== MATERIAL SUPPLIED
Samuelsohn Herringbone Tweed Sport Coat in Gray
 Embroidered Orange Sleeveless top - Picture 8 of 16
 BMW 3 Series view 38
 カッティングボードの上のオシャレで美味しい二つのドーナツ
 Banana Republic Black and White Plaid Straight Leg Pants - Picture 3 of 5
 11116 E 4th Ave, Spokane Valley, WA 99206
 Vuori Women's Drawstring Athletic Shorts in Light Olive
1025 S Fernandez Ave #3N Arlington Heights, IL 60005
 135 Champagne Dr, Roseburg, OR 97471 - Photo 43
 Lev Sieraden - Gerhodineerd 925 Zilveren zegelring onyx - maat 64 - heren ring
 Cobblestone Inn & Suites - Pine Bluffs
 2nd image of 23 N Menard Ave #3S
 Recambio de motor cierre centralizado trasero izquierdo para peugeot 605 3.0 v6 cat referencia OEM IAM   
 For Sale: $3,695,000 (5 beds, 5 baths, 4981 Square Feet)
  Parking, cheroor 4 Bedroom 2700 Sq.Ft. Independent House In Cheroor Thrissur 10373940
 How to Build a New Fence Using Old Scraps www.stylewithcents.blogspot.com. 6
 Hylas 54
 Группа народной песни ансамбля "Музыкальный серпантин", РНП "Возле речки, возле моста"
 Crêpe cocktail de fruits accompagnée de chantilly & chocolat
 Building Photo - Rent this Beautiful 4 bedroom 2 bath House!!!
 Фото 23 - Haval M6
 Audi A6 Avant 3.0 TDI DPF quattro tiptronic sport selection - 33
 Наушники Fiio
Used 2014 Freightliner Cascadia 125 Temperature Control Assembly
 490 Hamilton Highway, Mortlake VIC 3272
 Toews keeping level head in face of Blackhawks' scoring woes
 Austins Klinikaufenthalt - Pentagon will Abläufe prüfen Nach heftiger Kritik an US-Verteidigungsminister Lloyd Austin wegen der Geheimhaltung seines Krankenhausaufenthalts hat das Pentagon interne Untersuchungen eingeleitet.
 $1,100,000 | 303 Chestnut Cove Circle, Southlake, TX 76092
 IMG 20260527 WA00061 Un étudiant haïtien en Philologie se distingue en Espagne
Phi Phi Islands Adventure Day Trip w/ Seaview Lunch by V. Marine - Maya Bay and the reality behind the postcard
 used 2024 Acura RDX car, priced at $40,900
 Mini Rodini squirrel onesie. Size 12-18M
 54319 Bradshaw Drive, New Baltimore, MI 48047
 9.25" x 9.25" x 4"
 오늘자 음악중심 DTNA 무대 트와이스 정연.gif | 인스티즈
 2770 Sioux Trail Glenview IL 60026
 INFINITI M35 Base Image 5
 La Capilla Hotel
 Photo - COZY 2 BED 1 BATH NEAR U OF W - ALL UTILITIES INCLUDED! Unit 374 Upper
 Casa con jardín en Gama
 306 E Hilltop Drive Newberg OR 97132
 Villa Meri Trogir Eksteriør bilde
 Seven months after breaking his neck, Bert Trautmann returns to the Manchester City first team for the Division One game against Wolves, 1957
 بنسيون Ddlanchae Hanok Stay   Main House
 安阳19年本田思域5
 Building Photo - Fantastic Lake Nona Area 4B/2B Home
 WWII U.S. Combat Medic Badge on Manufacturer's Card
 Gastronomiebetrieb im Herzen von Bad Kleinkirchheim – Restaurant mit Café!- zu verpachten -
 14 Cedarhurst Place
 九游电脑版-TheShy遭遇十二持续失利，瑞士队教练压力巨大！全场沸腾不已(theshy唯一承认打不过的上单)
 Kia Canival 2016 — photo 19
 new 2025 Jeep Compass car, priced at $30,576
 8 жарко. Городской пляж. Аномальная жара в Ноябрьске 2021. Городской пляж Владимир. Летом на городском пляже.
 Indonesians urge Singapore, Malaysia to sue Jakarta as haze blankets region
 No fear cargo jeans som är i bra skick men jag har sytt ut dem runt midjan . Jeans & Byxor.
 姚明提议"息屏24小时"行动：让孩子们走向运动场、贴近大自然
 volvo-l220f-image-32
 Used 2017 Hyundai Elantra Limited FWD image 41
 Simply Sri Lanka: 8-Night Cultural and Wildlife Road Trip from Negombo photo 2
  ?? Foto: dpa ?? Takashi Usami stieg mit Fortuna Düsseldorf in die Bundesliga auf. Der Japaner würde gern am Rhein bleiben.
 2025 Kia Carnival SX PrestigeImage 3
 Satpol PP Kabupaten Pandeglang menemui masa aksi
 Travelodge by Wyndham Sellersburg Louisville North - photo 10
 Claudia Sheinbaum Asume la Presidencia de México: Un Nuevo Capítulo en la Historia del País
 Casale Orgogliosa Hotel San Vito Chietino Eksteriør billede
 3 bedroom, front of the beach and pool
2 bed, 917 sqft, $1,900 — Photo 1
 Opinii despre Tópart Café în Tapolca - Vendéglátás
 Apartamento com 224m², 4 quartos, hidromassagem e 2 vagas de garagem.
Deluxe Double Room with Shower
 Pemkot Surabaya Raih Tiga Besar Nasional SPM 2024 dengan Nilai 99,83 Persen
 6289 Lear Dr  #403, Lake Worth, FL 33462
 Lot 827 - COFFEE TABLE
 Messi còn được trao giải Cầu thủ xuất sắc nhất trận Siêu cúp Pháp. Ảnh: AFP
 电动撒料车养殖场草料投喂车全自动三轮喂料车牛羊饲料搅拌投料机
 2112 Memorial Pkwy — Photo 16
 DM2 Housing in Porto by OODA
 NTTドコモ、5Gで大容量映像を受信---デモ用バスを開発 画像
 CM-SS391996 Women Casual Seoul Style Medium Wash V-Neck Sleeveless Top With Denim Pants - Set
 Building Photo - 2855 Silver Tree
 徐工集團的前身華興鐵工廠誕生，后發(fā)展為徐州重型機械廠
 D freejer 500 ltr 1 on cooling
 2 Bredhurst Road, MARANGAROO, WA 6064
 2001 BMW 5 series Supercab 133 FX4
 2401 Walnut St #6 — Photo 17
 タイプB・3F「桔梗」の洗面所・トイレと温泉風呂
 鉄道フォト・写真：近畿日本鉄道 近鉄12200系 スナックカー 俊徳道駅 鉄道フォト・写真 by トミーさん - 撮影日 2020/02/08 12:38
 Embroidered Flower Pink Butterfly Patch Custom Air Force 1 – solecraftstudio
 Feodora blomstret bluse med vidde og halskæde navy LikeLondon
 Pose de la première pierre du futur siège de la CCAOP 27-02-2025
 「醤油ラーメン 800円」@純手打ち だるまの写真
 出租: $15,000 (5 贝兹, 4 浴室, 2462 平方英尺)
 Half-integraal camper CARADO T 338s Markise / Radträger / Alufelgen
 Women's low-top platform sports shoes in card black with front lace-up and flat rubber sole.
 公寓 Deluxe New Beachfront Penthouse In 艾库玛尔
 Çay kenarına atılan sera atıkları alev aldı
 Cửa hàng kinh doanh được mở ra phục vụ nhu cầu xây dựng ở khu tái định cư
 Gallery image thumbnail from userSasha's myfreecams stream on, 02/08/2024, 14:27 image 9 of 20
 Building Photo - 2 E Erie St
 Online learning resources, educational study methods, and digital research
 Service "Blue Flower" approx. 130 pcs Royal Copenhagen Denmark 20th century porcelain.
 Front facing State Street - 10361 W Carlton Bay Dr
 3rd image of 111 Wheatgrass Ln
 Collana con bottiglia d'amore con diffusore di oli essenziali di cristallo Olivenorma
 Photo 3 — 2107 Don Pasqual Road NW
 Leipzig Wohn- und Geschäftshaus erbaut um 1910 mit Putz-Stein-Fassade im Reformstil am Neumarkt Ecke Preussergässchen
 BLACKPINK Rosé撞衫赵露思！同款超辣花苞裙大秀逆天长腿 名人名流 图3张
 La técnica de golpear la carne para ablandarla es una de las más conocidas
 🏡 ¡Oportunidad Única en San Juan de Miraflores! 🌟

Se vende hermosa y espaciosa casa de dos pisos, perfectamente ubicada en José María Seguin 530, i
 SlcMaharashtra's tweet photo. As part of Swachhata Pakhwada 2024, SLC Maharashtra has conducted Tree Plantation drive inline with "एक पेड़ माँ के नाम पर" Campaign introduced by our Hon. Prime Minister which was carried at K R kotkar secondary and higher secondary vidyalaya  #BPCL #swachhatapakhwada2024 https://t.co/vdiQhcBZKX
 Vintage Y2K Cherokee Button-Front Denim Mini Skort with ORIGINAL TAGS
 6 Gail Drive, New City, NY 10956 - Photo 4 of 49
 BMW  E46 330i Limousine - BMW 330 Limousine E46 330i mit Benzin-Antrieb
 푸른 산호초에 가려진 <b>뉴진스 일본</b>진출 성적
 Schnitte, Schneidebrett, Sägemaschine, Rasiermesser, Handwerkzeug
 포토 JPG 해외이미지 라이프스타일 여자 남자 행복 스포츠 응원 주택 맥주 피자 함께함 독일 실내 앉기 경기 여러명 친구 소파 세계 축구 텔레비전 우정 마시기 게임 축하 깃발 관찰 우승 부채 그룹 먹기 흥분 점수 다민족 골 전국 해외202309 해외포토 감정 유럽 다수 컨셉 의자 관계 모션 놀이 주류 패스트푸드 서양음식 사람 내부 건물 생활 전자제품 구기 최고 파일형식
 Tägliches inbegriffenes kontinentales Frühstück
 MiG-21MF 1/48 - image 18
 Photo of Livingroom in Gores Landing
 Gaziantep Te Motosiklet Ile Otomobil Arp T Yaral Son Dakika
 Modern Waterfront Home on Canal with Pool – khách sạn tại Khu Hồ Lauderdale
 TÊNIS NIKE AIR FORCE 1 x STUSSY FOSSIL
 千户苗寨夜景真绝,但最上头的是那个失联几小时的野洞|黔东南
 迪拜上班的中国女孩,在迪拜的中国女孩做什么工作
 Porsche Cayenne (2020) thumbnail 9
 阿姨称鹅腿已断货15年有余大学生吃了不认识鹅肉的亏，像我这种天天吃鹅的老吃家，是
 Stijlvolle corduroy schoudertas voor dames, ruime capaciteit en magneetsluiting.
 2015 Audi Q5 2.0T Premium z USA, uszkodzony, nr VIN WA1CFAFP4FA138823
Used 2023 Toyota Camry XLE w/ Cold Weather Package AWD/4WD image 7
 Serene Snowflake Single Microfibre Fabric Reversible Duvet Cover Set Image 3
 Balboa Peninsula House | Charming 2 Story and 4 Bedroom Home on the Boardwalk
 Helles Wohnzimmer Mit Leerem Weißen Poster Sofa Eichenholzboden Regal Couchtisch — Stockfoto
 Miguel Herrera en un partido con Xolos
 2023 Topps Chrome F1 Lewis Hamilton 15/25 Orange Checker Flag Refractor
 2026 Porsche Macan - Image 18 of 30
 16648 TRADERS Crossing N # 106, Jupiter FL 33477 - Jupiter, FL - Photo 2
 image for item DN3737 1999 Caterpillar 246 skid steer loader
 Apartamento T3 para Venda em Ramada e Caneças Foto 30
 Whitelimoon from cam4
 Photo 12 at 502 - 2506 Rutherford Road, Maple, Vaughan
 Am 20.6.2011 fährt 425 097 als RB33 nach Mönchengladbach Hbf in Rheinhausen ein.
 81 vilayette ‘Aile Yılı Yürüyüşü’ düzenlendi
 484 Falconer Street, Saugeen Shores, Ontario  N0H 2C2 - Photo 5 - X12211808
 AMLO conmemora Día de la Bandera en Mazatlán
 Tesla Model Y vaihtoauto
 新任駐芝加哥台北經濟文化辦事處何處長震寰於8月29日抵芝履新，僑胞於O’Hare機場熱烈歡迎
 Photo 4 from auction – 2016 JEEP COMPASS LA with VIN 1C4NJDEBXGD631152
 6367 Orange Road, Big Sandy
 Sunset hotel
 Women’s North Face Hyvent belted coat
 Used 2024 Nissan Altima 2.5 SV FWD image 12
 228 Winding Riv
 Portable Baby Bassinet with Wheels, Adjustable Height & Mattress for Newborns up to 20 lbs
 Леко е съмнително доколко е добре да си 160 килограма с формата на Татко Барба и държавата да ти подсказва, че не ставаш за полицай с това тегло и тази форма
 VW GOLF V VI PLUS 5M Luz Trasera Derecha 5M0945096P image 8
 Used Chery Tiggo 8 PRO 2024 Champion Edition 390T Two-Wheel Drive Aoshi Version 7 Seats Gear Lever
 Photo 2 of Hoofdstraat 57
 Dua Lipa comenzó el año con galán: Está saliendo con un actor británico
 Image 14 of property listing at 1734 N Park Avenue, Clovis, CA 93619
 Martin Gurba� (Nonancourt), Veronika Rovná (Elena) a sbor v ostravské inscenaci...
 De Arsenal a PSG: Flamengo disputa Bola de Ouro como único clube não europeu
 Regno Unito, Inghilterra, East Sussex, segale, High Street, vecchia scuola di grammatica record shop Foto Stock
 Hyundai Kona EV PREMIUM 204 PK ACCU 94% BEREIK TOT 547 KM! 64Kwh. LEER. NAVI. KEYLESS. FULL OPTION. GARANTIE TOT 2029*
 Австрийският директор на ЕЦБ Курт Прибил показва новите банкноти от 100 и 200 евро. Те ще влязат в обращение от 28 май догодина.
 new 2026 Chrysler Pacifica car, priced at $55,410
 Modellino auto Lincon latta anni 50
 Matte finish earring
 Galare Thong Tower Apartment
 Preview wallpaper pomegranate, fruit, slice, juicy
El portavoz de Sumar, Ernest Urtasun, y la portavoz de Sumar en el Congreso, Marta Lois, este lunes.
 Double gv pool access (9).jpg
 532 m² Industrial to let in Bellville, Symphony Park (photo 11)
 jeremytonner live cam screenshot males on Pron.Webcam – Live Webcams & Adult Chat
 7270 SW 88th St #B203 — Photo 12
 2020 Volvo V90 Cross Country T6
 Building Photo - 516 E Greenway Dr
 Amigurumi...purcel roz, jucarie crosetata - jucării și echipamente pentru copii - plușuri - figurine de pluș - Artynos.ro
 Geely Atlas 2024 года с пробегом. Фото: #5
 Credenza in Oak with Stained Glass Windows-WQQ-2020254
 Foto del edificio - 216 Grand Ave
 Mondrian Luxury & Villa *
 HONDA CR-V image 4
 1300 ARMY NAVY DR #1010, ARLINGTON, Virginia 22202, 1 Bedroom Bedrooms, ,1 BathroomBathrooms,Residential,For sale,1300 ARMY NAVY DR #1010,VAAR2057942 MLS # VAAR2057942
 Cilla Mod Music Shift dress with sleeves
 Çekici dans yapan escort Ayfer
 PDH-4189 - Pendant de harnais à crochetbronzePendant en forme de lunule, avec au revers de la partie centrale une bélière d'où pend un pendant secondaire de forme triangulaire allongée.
====
[WHAT THE TASK REQUIRES] Return the span of lines in the data above that opens at the line with "How to Build" and closes at the line with "490 Hamilton Highway, Mortlake VIC 3272", exactly, ends included, nothing else.

[THE ANSWER]
 How to Build a New Fence Using Old Scraps www.stylewithcents.blogspot.com. 6
 Hylas 54
 Группа народной песни ансамбля "Музыкальный серпантин", РНП "Возле речки, возле моста"
 Crêpe cocktail de fruits accompagnée de chantilly & chocolat
 Building Photo - Rent this Beautiful 4 bedroom 2 bath House!!!
 Фото 23 - Haval M6
 Audi A6 Avant 3.0 TDI DPF quattro tiptronic sport selection - 33
 Наушники Fiio
Used 2014 Freightliner Cascadia 125 Temperature Control Assembly
 490 Hamilton Highway, Mortlake VIC 3272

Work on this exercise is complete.